Taktiktafel als Geschenk
Lukas Schüepp lobt den temporären Zuzug Wiler-Ersigens. «Syazni ist aufmerksam und wissbegierig. Er war schnell integriert», sagt der Nachwuchs-Verantwortliche des 10-fachen Schweizer Meisters. «Wir haben von Syazni auch lernen können», sagt Schüepp. «Sein Wagemut, ganz allein nach Europa zu kommen und der starke Wille, sich weiter zu entwickeln, sind inspirierend.» Schüepp attestiert Syazni, der überwiegend mit dem U-21-Team trainiert hat, gutes NLB-Niveau. Als Geschenk durfte der Mann aus Singapur eine Taktiktafel mit den Unterschriften seiner Vorbilder mit nach Hause nehmen.
Ehrgeiziges Ziel an der WM in Riga
Muhammad Syazni Bin Ramlee wird schon bald nach Europa zurückkehren. Singapur hat sich für die Unihockey-WM in Lettland qualifiziert. 16 Teams werden an den Welttitelkämpfen in Riga teilnehmen (3. bis 11. Dezember). Das kleine Land an der Grenze zu Malaysia mit seinen 1876 Lizenzierten (Schweiz: 32329) figuriert in der Weltrangliste auf Platz 18. Es holte sein WM-Ticket in der Asien-Zone - wie Asien-Meister Australien und Thailand (Dritter in der Qualifikation). Womöglich kommt es im Baltikum zum dritten WM-Treffen zwischen der Schweiz und Singapur. Syazni spielte bisher zweimal gegen die Eidgenossen.

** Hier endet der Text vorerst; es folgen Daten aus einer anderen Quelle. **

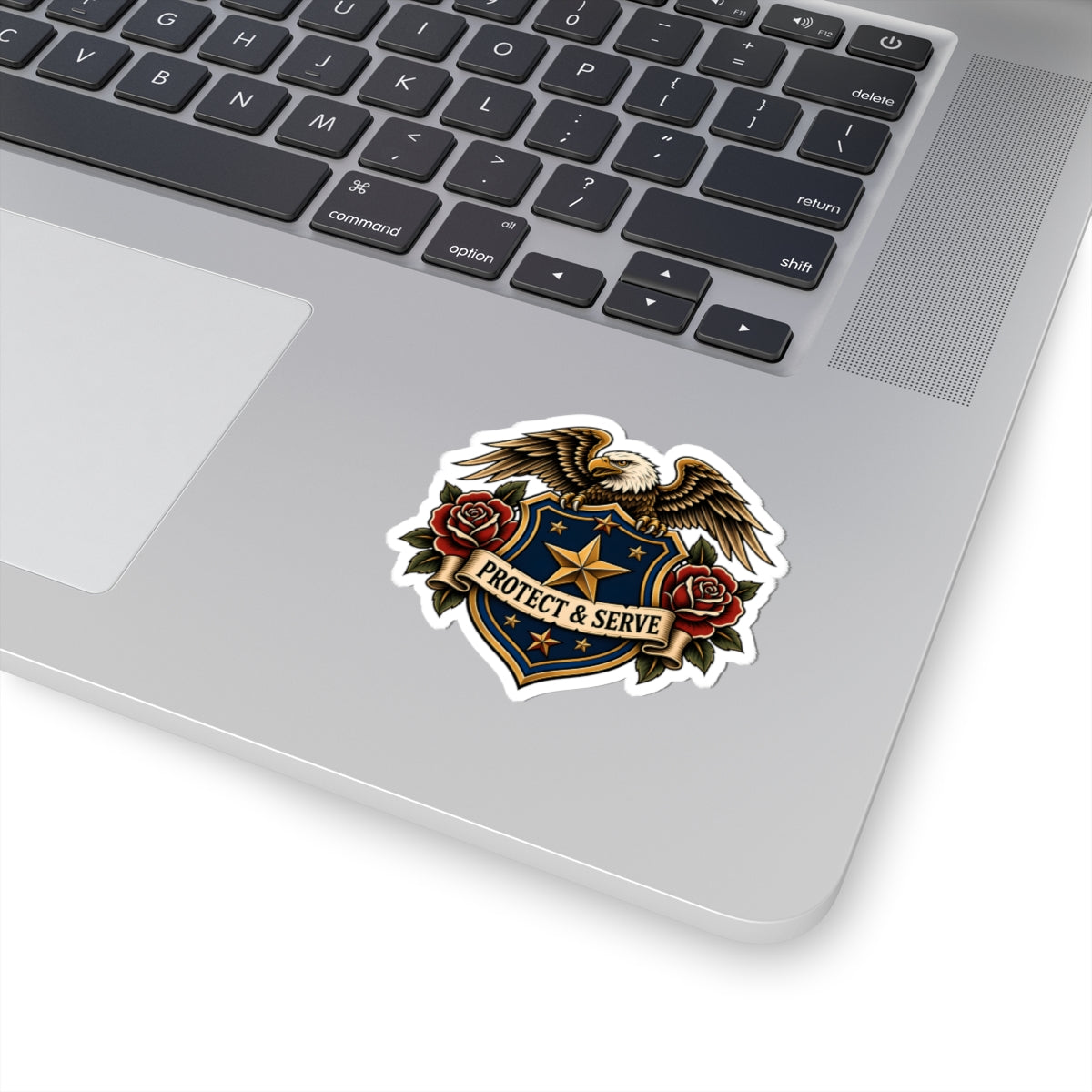 Protect & Serve Police Kiss-Cut Sticker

An der WM 2010 verlor Singapur in Helsinki gegen die Abgesandten von swiss unihockey 0:37; zwei Jahre später, an der WM in Bern, 0:35.

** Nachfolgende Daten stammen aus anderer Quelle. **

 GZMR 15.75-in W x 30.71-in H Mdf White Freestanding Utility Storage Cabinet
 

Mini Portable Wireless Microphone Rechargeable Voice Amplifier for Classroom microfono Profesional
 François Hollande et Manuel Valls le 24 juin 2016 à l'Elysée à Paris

Syazni formuliert vor der WM ein ehrgeiziges Ziel: «Ich möchte den inzwischen zurückgetretenen Mohammed Hafeez als WM-Topskorer Singapurs ablösen.» Ein schwieriges Unterfangen: Hafeez hat an den Weltmeisterschaften 2010 und 2012 insgesamt 11 Skorerpunkte gesammelt (8 Tore, 3 Assists). Syazni hält gegenwärtig bei 3 Skorerpunkten (2 Tore, 1 Assists).
Dazu müsste Syazni eine aussergewöhnliche Geschichte schreiben - und vielleicht sogar in einem Spiel gegen die übermächtige Schweiz ein Tor erzielen. Das wäre dann eine ähnlich grosse Sensation wie der Sieg von Schwimmer Schooling über den grossen Michael Phelps.